[Extracted records]
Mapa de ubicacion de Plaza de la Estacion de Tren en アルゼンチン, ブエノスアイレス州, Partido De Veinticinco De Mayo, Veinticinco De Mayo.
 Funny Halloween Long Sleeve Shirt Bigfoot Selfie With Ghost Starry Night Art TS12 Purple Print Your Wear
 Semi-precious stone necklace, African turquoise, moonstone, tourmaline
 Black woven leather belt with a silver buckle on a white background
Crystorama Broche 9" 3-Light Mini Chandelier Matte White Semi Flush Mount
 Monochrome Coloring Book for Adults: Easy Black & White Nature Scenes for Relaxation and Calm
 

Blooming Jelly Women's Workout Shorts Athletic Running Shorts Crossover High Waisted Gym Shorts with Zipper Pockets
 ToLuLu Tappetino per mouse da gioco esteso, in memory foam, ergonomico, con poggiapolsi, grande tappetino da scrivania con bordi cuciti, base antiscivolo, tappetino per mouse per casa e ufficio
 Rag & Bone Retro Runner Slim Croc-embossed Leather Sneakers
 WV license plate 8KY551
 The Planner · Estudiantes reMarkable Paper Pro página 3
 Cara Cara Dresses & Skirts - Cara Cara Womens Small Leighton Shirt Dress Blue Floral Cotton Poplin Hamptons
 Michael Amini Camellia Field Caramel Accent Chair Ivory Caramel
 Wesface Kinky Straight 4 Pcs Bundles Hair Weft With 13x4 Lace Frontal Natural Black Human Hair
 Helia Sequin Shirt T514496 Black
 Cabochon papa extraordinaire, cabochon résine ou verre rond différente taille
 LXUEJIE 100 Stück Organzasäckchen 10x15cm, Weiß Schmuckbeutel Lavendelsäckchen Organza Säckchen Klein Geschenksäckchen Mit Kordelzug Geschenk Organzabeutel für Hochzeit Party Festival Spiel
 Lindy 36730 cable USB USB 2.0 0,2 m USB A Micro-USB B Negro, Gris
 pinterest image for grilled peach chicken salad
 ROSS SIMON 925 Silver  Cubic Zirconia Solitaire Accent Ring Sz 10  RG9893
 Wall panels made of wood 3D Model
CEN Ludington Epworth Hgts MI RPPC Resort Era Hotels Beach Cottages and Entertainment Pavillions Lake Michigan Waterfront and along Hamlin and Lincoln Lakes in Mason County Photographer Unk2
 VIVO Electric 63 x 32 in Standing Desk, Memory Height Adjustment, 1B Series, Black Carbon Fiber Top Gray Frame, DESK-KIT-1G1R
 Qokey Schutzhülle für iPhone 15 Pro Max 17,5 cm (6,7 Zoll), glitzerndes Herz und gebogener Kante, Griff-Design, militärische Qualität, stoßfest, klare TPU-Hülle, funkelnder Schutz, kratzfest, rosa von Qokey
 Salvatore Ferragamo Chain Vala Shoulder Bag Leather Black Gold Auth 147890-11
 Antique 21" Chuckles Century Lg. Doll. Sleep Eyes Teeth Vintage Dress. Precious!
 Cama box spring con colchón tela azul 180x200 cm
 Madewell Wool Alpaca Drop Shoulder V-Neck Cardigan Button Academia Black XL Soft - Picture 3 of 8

- **WORK ORDER**: Write out only the lines that run from the line containing "Blooming Jelly Women's" through the line containing "Helia Sequin Shirt T514496 Black", both included, exactly as they appear above.

- **EXERCISE RESPONSE**:
Blooming Jelly Women's Workout Shorts Athletic Running Shorts Crossover High Waisted Gym Shorts with Zipper Pockets
 ToLuLu Tappetino per mouse da gioco esteso, in memory foam, ergonomico, con poggiapolsi, grande tappetino da scrivania con bordi cuciti, base antiscivolo, tappetino per mouse per casa e ufficio
 Rag & Bone Retro Runner Slim Croc-embossed Leather Sneakers
 WV license plate 8KY551
 The Planner · Estudiantes reMarkable Paper Pro página 3
 Cara Cara Dresses & Skirts - Cara Cara Womens Small Leighton Shirt Dress Blue Floral Cotton Poplin Hamptons
 Michael Amini Camellia Field Caramel Accent Chair Ivory Caramel
 Wesface Kinky Straight 4 Pcs Bundles Hair Weft With 13x4 Lace Frontal Natural Black Human Hair
 Helia Sequin Shirt T514496 Black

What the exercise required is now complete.